Humor as a Teaching Tool in Shoulder Arthroscopy
In the early 1990s, the shoulder establishment was laughing at arthroscopic shoulder surgeons, whom they viewed as a pitiful little band of dreamers whose goal of achieving strong arthroscopic repairs for instability and rotator cuff tears would always remain hopelessly out of reach. I recognized that humor, particularly when it was endogenous and self-deprecating, got people’s attention and could be a useful teaching tool. Furthermore, humor could turn a dry subject (such as shoulder biomechanics) into a fun experience. So there were now two reasons to employ humor in my teaching efforts.
So, as Will Rogers or some other famous cowboy must have said, “If you can’t beat ‘em, join ‘em.” I took his advice and decided to encourage people to laugh at me just to get them to listen to me. As a mechanical engineer by training (prior to medical school), I knew that there were some mechanical concepts that were accepted as dogma in the shoulder that were absolutely wrong. Replacing those concepts with mechanically sound principles (balanced force couples, margin convergence, etc.) would fundamentally change the way we approached the shoulder, particularly the rotator cuff. But getting people to listen and getting people to understand such dry and esoteric topics was not going to be easy.
When I was a kid in the 1950s, there was a black-and-white television show every Saturday morning that was called “Watch Mr. Wizard.” Mr. Wizard was an amateur scientist named Don Herbert. In the show, he would teach complex scientific concepts to the kids in his neighborhood by means of simple experiments that could be conducted in his kitchen or his garage, using everyday tools and utensils from his home. To me, the show was fascinating, and it made science understandable and fun. Part of the fun was Mr. Wizard’s style; he employed a great deal of good-natured humor and he encouraged the kids to develop their own conclusions based on the experiments he showed them.

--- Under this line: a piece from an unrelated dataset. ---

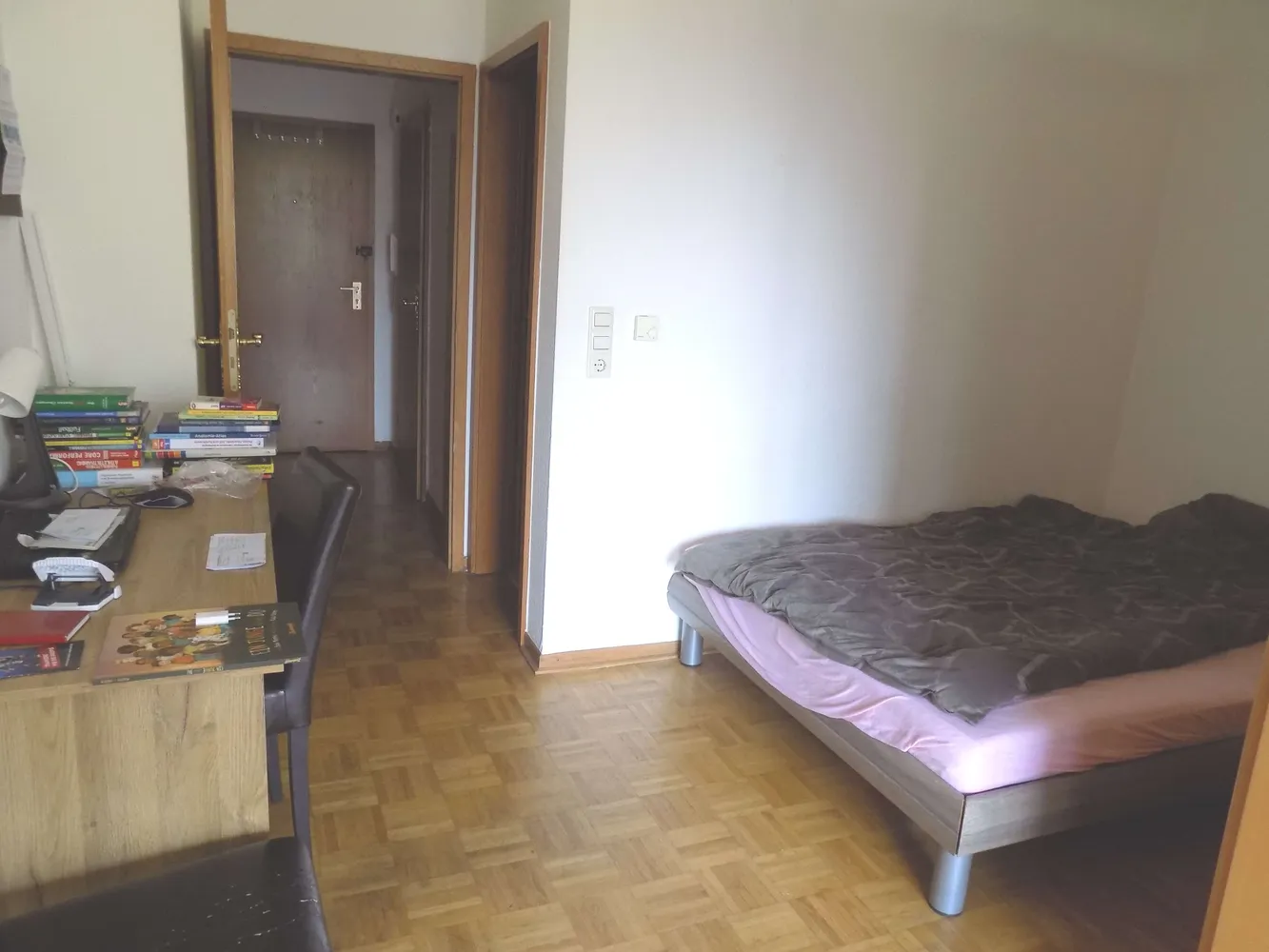 1 room apartment with 32 m² in Ratingen – Photo 7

In late 1991, I was preparing a talk for the AANA (Arthroscopy Association of North America) Specialty Day Meeting, to be held a few months later at the AAOS (American Academy of Orthopaedic Surgeons) venue in San Francisco. I had been assigned the topic “Biomechanics of the Rotator Cuff.” As I tried to develop my ideas, I drew a blank.
Sitting at my desk, frustrated by the impossible task of making a dull subject interesting, I hit upon an idea. I would be the eccentric, good-humored, self-deprecating “Mr. Wizhart” (Wizhart/Burkhart—get it?). My kids (Zack and Sarah) and I filmed a black-and-white “Mr. Wizhart” segment on “Minimal Surface Area” and its effect on the behavior of rotator cuff tears. At the meeting in San Francisco, I didn’t tell anyone what I was going to do. When I was introduced, I went to the podium and stated that I would show a self-explanatory video on the biomechanics of the rotator cuff. I turned on the video. Initially there was a stunned silence as the goofy introductory music began to play. Then there was a loud collective roar of laughter from the audience as Mr. Wizhart began to teach them. Orthopaedic surgeons do not usually laugh at lectures, even when the speaker tells a joke. So when I heard wave after wave of belly laughs, I knew I was onto something. The arthroscopic shoulder surgeons had a message, and they had a voice—and now they had an eager audience (Fig 29.1).